3) Does the invention promoter have to disclose their track record?
35 USC 297 also requires the invention promoter disclose the following information (i.e., required disclosures) to its customers in writing prior to entering into a contract for invention promotion services:
(1) the total number of inventions evaluated by the invention promoter for commercial potential in the past 5 years, as well as the number of those inventions that received positive evaluations, and the number of those inventions that received negative evaluations;
(2) the total number of customers who have contracted with the invention promoter in the past 5 years, not including customers who have purchased trade show services, research, advertising, or other nonmarketing services from the invention promoter, or who have defaulted in their payment to the invention promoter;
(3) the total number of customers known by the invention promoter to have received a net financial profit as a direct result of the invention promotion services provided by such invention promoter;
(4) the total number of customers known by the invention promoter to have received license agreements for their inventions as a direct result of the invention promotion services provided by such invention promoter; and
(5) the names and addresses of all previous invention promotion companies with which the invention promoter or its officers have collectively or individually been affiliated in the previous 10 years.

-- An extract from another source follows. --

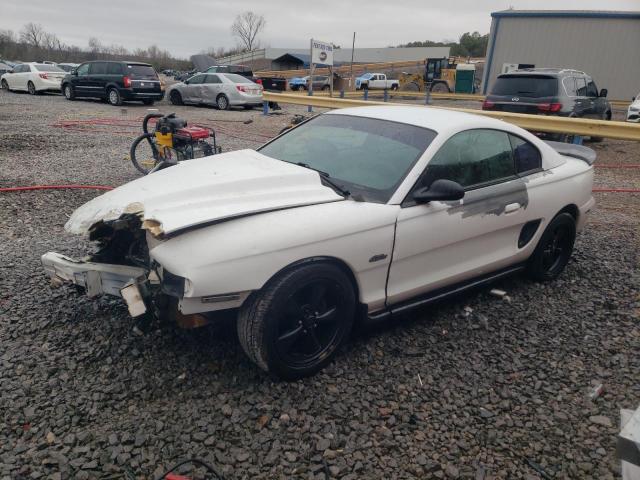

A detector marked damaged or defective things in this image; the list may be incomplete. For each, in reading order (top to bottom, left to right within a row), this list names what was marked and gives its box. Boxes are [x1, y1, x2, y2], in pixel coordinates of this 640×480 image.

dented hood [65, 148, 344, 234]
exposed bumper support [42, 253, 147, 298]
crumpled front bumper [41, 253, 150, 316]
damaged front end [42, 215, 198, 324]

Request this information from the invention promoter and consider their track record before retaining them.
4) What can I do if I am taken advantage by an invention promoter?
35 USC 297 provides for damages or statutory damages and also includes a fee shifting provision (i.e., attorney fees) if a customer has been injured by the invention promoter through a material false or fraudulent statement or representation, or any omission of material fact or by failure to make the required disclosure items mentioned above.
Aggrieved customers may register a complaint against an invention promoter with the United States Patent and Trademark Office.
Aggrieved customers may also file a complaint with the Federal Trade Commission.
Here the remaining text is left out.